• **The records**:
=== Begin Enclosure ===

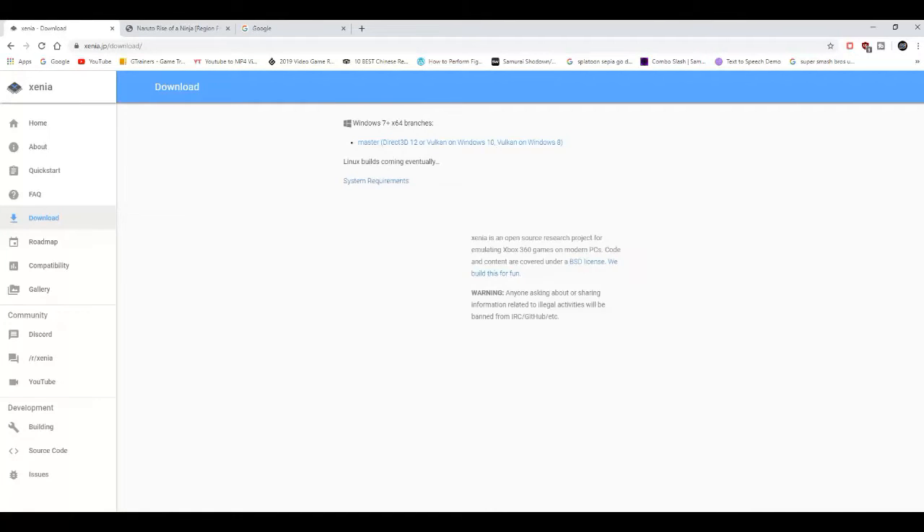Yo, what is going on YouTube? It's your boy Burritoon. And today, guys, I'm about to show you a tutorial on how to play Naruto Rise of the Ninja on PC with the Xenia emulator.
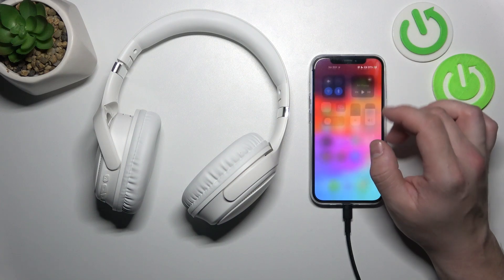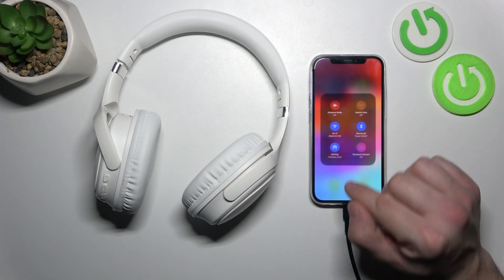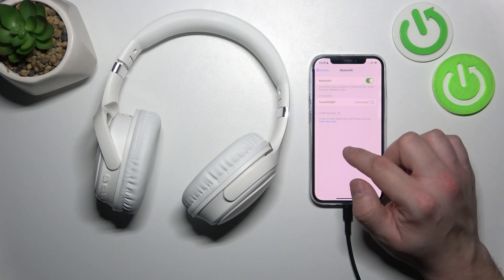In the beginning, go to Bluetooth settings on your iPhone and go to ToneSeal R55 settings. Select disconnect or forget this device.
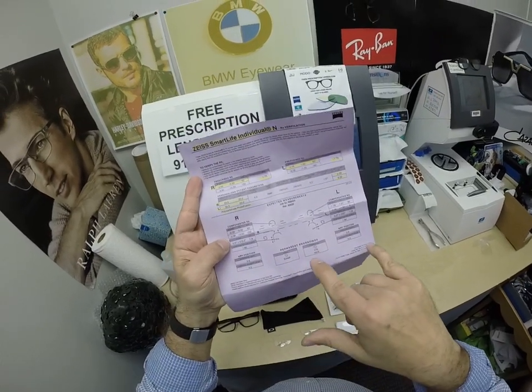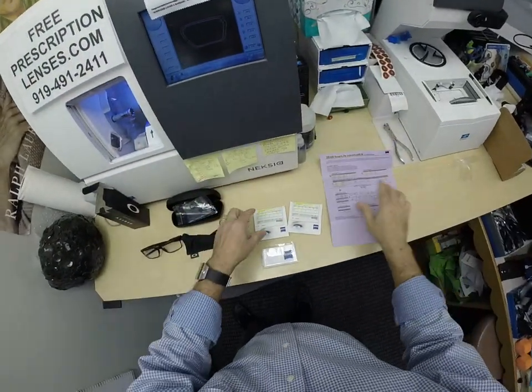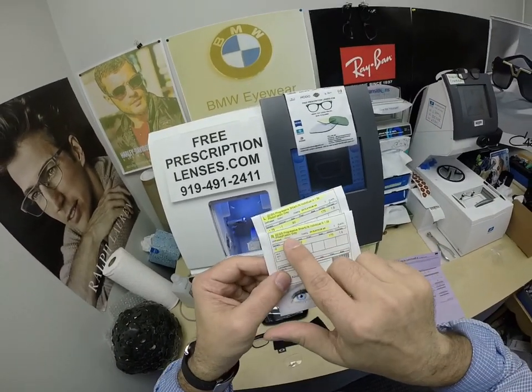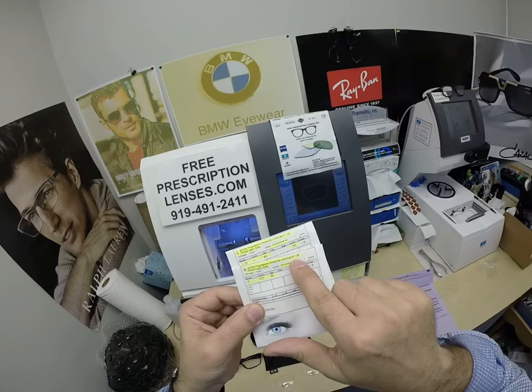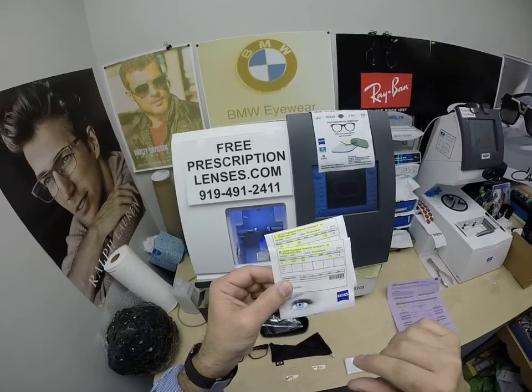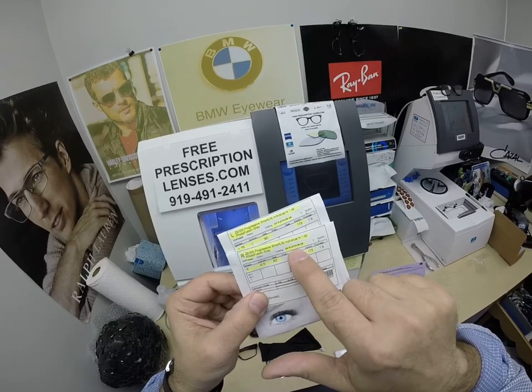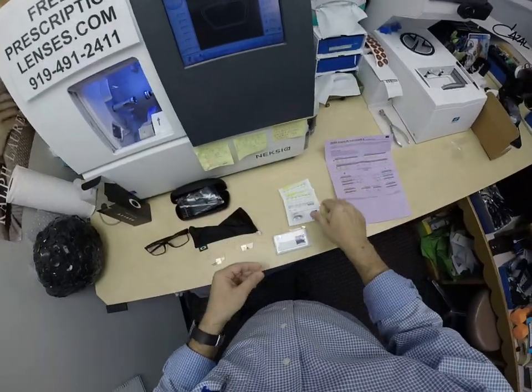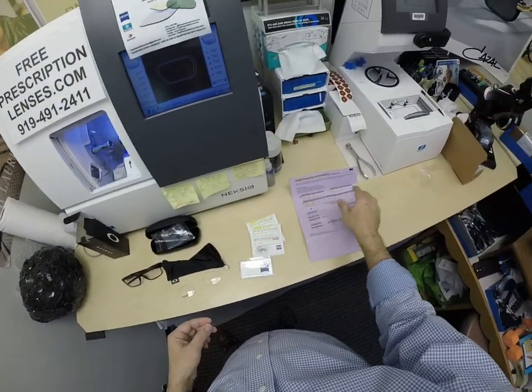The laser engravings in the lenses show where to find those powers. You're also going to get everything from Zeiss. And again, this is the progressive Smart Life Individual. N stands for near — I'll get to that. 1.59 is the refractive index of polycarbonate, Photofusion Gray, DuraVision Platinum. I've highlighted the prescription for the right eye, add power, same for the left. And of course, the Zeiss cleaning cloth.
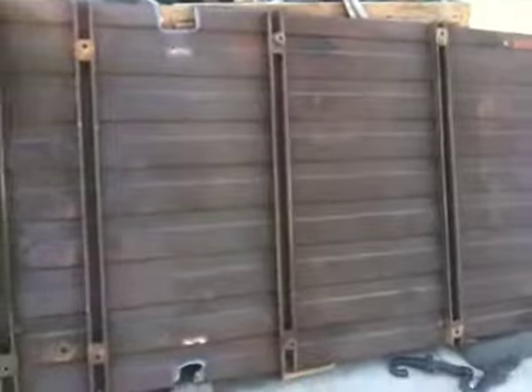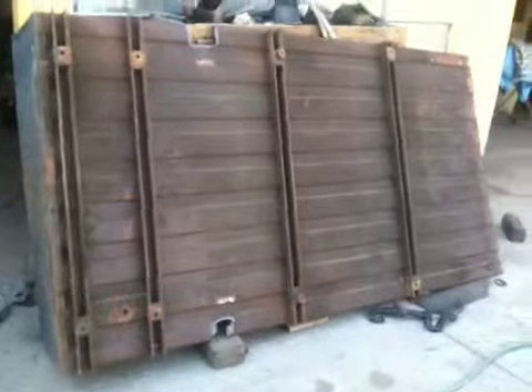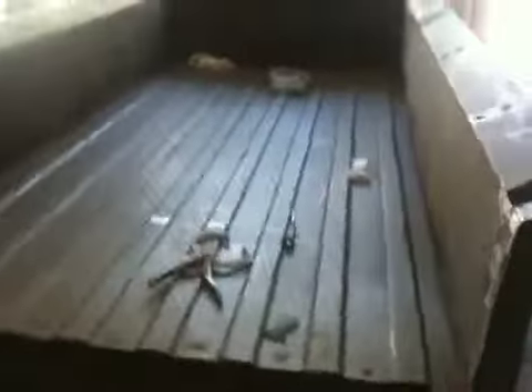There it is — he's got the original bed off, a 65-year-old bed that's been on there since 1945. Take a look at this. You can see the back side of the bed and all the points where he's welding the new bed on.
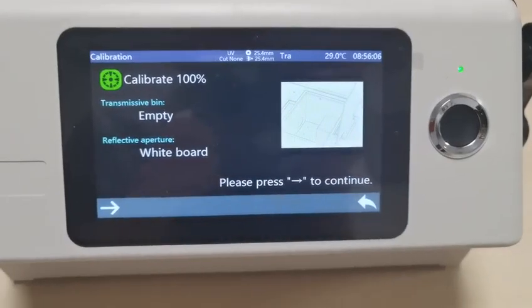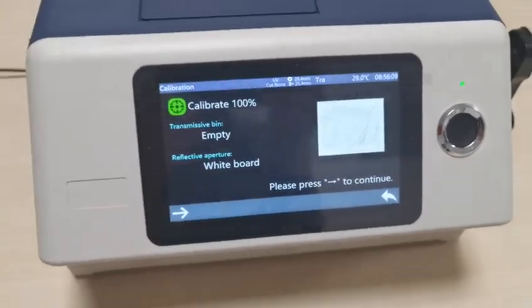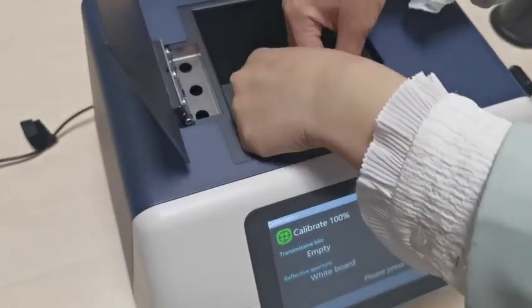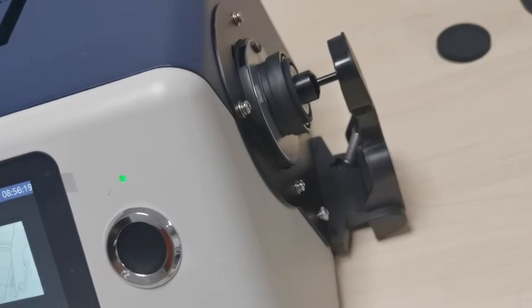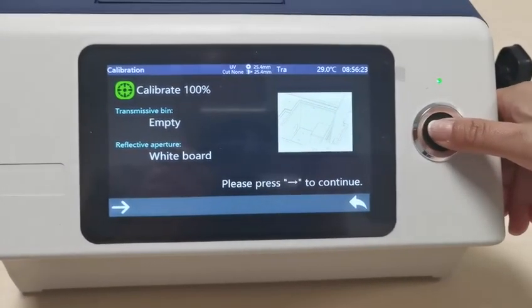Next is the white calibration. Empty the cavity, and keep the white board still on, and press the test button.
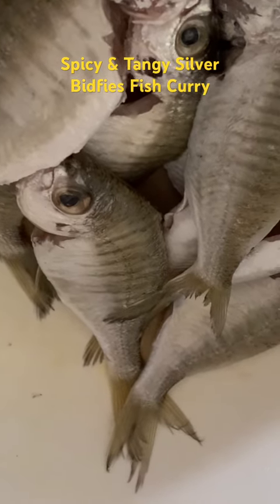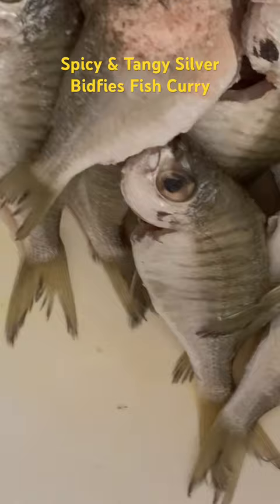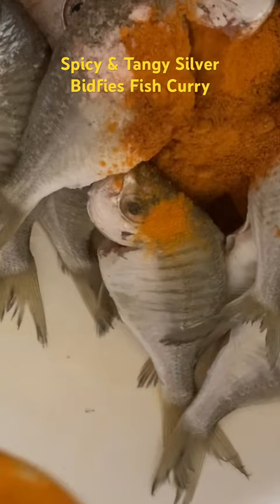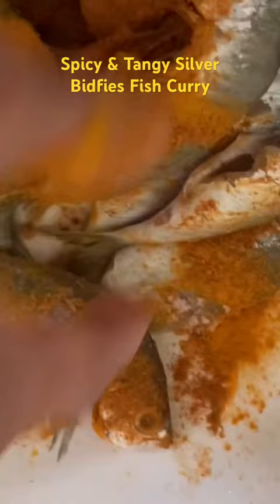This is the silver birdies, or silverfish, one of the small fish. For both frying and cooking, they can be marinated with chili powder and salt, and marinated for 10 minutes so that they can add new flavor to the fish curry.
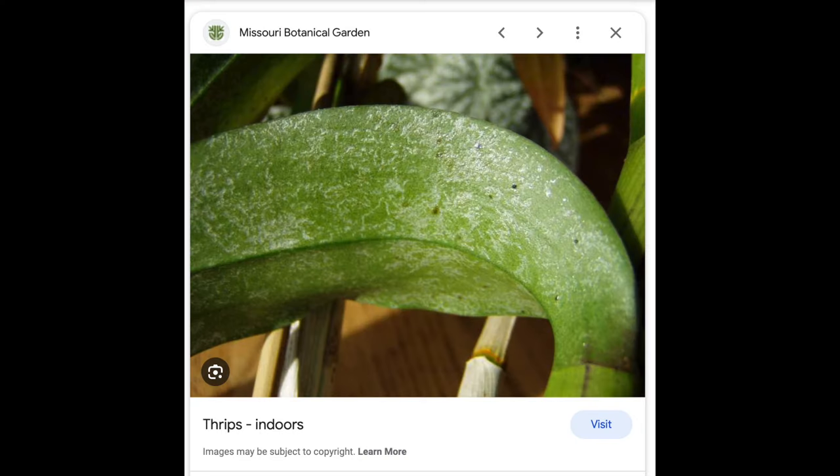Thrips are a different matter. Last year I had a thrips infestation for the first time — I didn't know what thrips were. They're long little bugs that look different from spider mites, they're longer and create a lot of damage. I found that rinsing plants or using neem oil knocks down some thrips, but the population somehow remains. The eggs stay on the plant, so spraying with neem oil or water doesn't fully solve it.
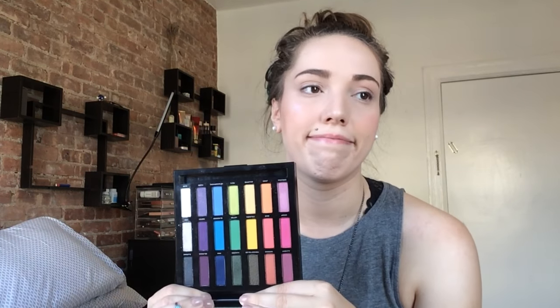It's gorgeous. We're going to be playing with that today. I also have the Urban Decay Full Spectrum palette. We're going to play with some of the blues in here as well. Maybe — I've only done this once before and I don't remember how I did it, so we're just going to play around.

=== End Enclosure ===

• **Activity**: Print nothing but the lines above starting with the line that contains "In the beginning, go" and going on through the line that contains "The laser engravings". Leave out the pictures.

• **Reply**:
In the beginning, go to Bluetooth settings on your iPhone and go to ToneSeal R55 settings. Select disconnect or forget this device.
The laser engravings in the lenses show where to find those powers. You're also going to get everything from Zeiss. And again, this is the progressive Smart Life Individual. N stands for near — I'll get to that. 1.59 is the refractive index of polycarbonate, Photofusion Gray, DuraVision Platinum. I've highlighted the prescription for the right eye, add power, same for the left. And of course, the Zeiss cleaning cloth.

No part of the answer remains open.